Educating parents is important; many professionals have also noted the need for their own cultural training. The Collaborative’s third objective—after educating parents and training more refugee foster parents—is developing this professional training.

  As Judge Rodwin noted, there are many cultural nuances that can cause misunderstanding amongst professionals. “Like looking someone directly in the eye,” she said. “When you have someone in the courtroom looking down, that’s a sign of respect.” But people accustomed to American cultural norms may misinterpret this as lying or fearfulness.

Chris Anderson, administrative director of CPS, sees the need for greater training in his ranks as well, especially around issues such as trauma that greatly afflicts the population.

The legal framework surrounding cases can be complex. “In some cultures, you can take a branch off a tree and use it to [physically] discipline your child. Here, that can be considered a felony for abuse of the child,” Rodwin noted. “That can have severe consequences on your immigration status.” Criminal prosecution and/or conviction can result in deportation or otherwise prevent non-citizens from obtaining permanent residency or citizenship.

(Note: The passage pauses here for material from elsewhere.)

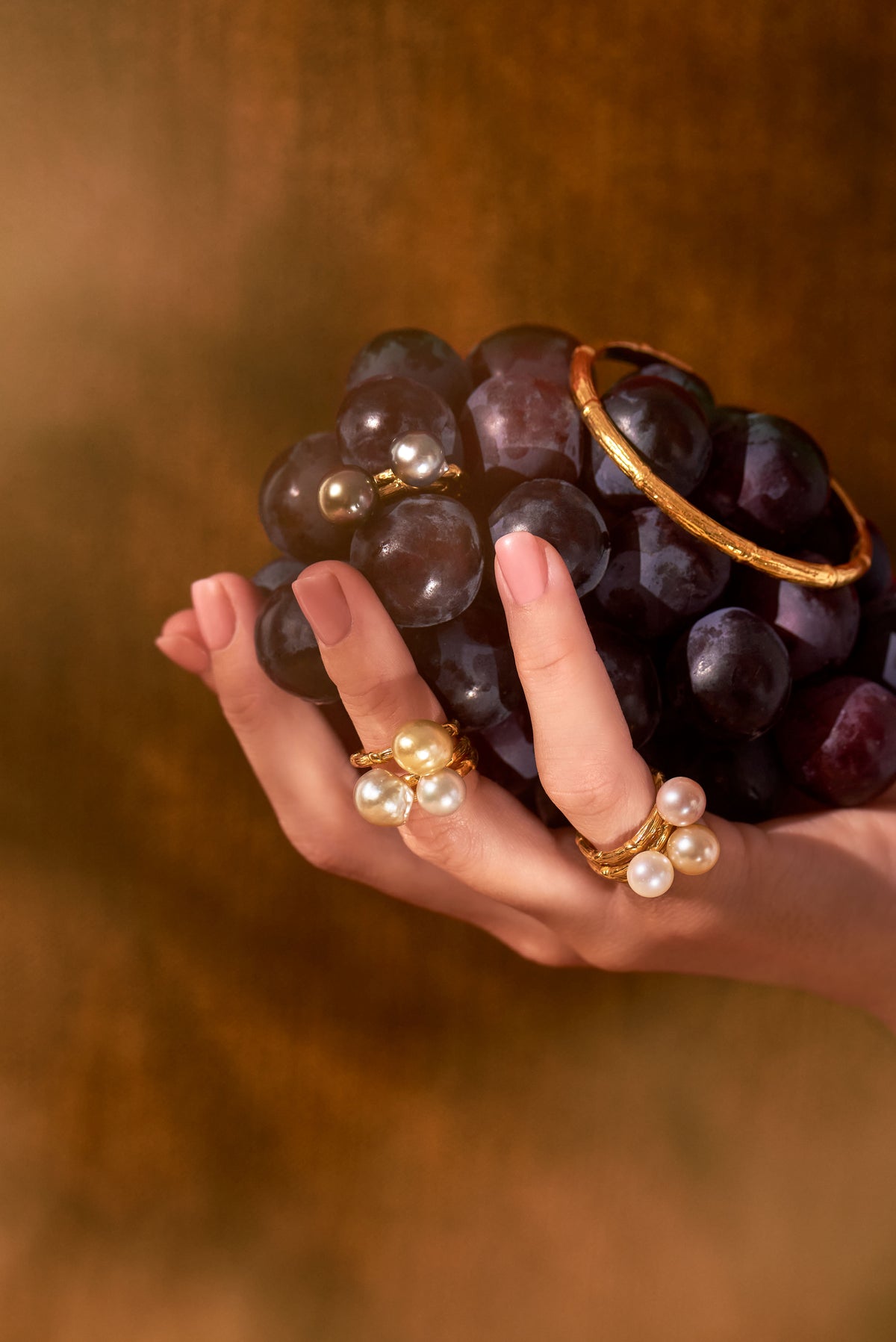 Bel Air Gold pearl ring gold vermeil handcrafted Mauritian jewellery by Oceano Jewels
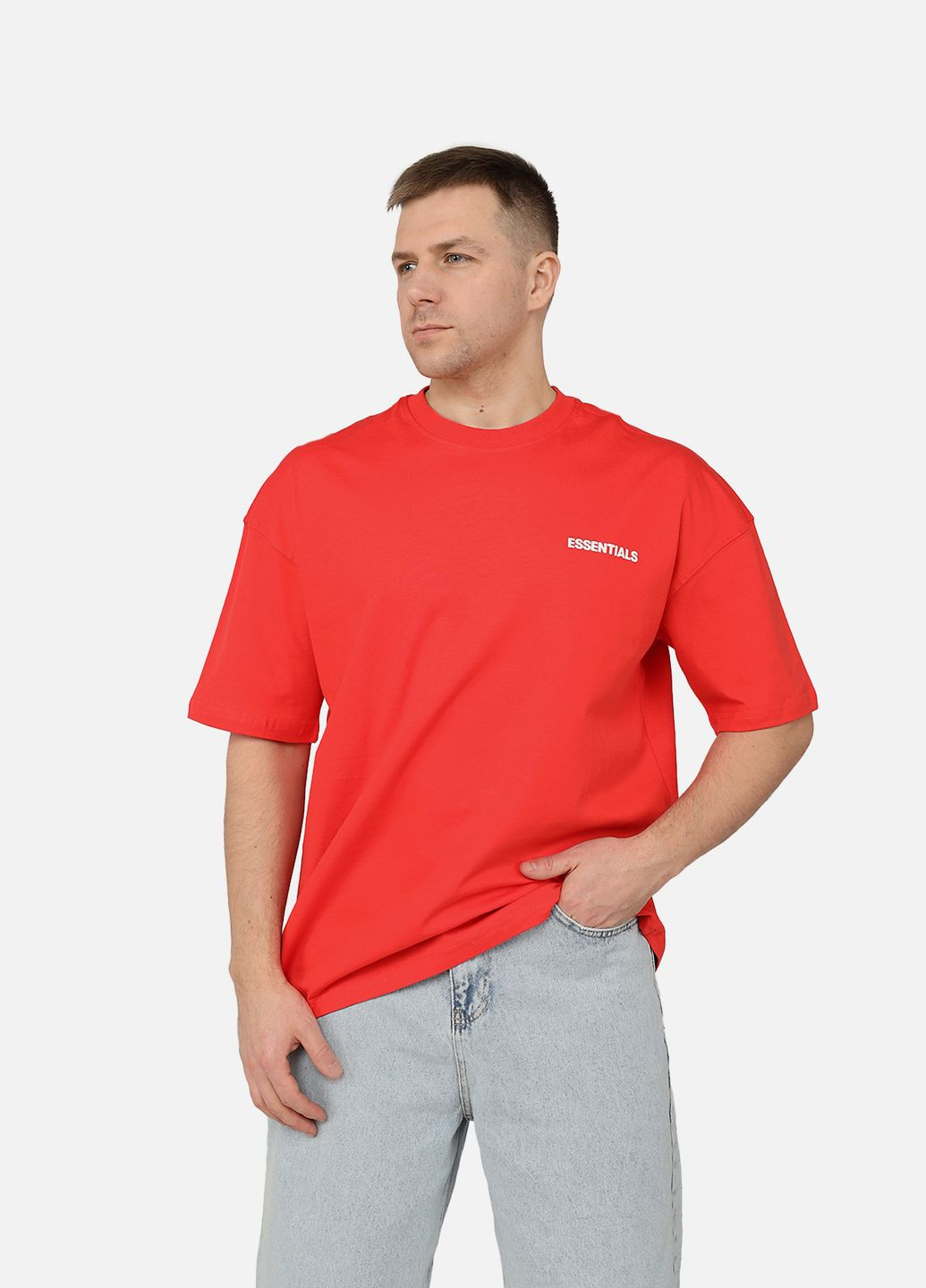 Червона футболка з коротким рукавом чоловіча колір червоний cb-00272930 Essentials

Clearly, professionals in family court must consider the legal implications of these cases carefully. “The child’s safety always comes first,” Judge Rodwin noted.

And parents and advocates must continue to take on the challenges. “Are we getting better? Yes. Do we still have challenges? Of course, but we don’t give up,” Judge Rodwin maintained.

Barem believes the parents are willing to work at this because their aspirations in the U.S. revolve around their children. “Ask any of these parents, ‘What is your reason for coming to America,’” she said. “They will say, ‘It’s my children…I want my child to have a better life.’”  K

Jake Steinmetz, a frequent contributor to Karibu News, is the Canadian services manager at Vive, a program of Jericho Road Community Health Center.